Search code examples
pythonpandasscikit-learnnaivebayesmultinomial

How to predict data outside of the training data set


using this module to predict country names from address:

import re
import numpy as np
import pandas as pd
from sklearn.naive_bayes import MultinomialNB
from sklearn.model_selection import train_test_split
from sklearn.feature_extraction.text import CountVectorizer
from sklearn.preprocessing import LabelEncoder
from sklearn.metrics import accuracy_score
def normalize_text(s):
    s = s.lower()
    s = re.sub('\s\W',' ',s)
    s = re.sub('\W\s',' ',s)
    s = re.sub('\s+',' ',s)
    return(s)
df['TEXT'] = [normalize_text(s) for s in df['Full_Address']]

vectorizer = CountVectorizer()
x = vectorizer.fit_transform(df['TEXT'])

encoder = LabelEncoder()
y = encoder.fit_transform(df['CountryName'])

x_train, x_test, y_train, y_test = train_test_split(x, y, test_size=0.2)

nb = MultinomialNB()
nb.fit(x_train, y_train)
y_predicted = nb.predict(x_test)
accuracy_score(y_test, y_predicted)

I want to use the module I built to predict a single string address, how can I do this? I tried:

nb.predict('1100 112th Ave NE #400, Bellevue, WA 98004, United States')

ValueError: Expected 2D array, got scalar array instead:
array=1100 112th Ave NE #400, Bellevue, WA 98004, United States.
Reshape your data either using array.reshape(-1, 1) if your data has a single feature or array.reshape(1, -1) if it contains a single sample.

UPDATE:

as suggested in an answer:

nb.predict([['1100 112th Ave NE #400, Bellevue, WA 98004, United States']])

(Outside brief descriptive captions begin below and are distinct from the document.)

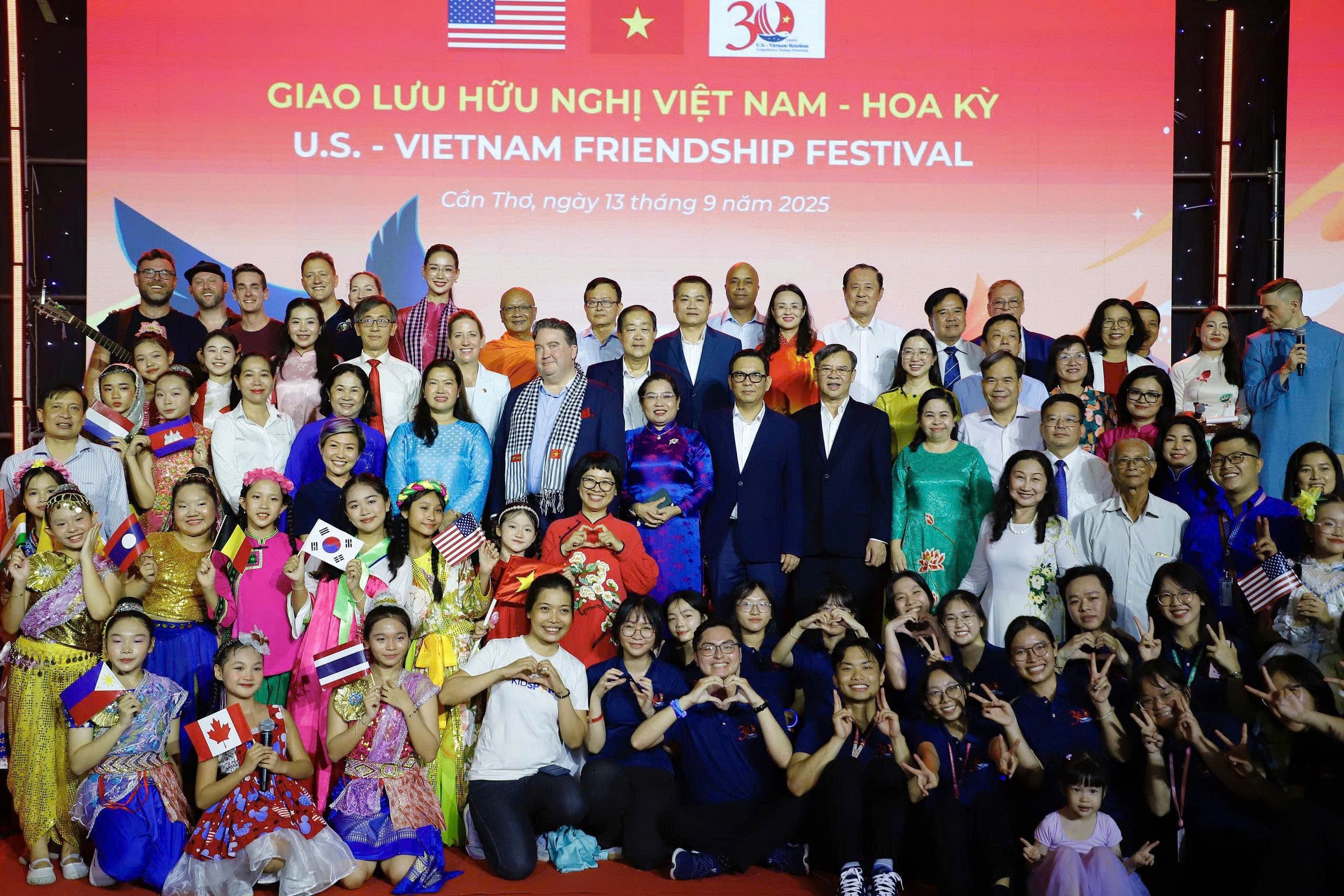 Các đại biểu và người dân tham gia Chương trình Giao lưu hữu nghị Việt Nam - Hoa Kỳ tại thành phố Cần Thơ, ngày 13/9/2025. (Ảnh: Các đại biểu và người dân tham gia Chương trình Giao lưu hữu nghị Việt Nam - Hoa Kỳ tại thành phố Cần Thơ, ngày 13/9/2025. (Ảnh:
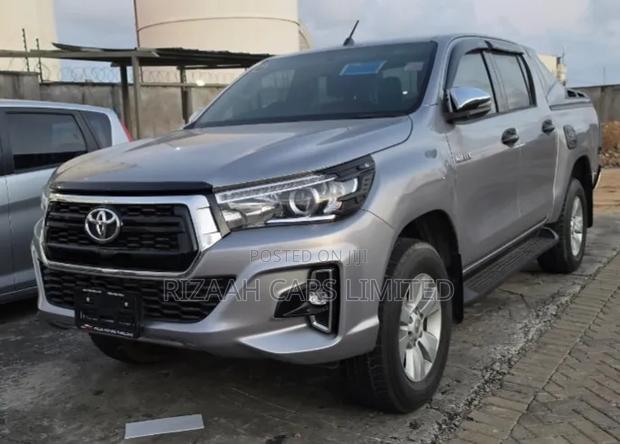 Toyota Hilux Revo Double Cab Deisel 2.4 AWD 2021 Silver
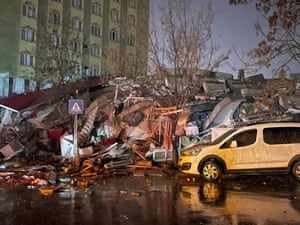 Una vista de los edificios destruidos después de que los terremotos sacudieran las provincias de Turkiye, el 6 de febrero, en Kahramanmaras.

ValueError: matmul: Input operand 1 has a mismatch in its core dimension 0, with gufunc signature (n?,k),(k,m?)->(n?,m?) (size 82043 is different from 1)

Solution

  • To predict you need to pass your data through all the preprocessing steps you have done to train your model:

    single_address = '1100 112th Ave NE #400, Bellevue, WA 98004, United States'
    normalized_address = normalize_text(single_address)
    vectorized_address = vectorizer.transform([normalized_address])
    #expected output
    nb.predict(vectorized_address)
    

    Note 2 ways to improve your code:

    1. normalize_text step is not really necessary as it is, as all what it does will be caught by CountVectorizer's tokenizer regex token_pattern='(?u)\\b\\w\\w+\\b' and lowercase=True

    2. Keep all of the preprocessing in a sklearn Pipeline. This way your code will be cleaner and less error prone (and you'll for sure avoid errors like you've got)

    A working [canonical?] template how to achieve that:

    from sklearn.naive_bayes import MultinomialNB
    from sklearn.model_selection import train_test_split
    from sklearn.feature_extraction.text import CountVectorizer
    from sklearn.preprocessing import LabelEncoder
    from sklearn.pipeline import Pipeline
    
    X = 30*['1100 112th Ave NE #400, Bellevue, WA 98004, United States']
    y = 10*['US','France','Germany']
    
    le = LabelEncoder()
    y = le.fit_transform(y)
    
    X_train, X_test, y_train, y_test = train_test_split(X, y, test_size=0.2)
    
    vectorizer = CountVectorizer()
    mnb = MultinomialNB()
    
    ppl = Pipeline(steps=[('vectorizer',vectorizer),('mnb',mnb)])
    
    ppl.fit(X_train, y_train)
    single_address = '1100 112th Ave NE #400, Bellevue, WA 98004, United States'
    ppl.predict([single_address])
    

    An extra benefit of having a Pipeline you can pass it through GridSearchCV so that best params are chosen through cross validation.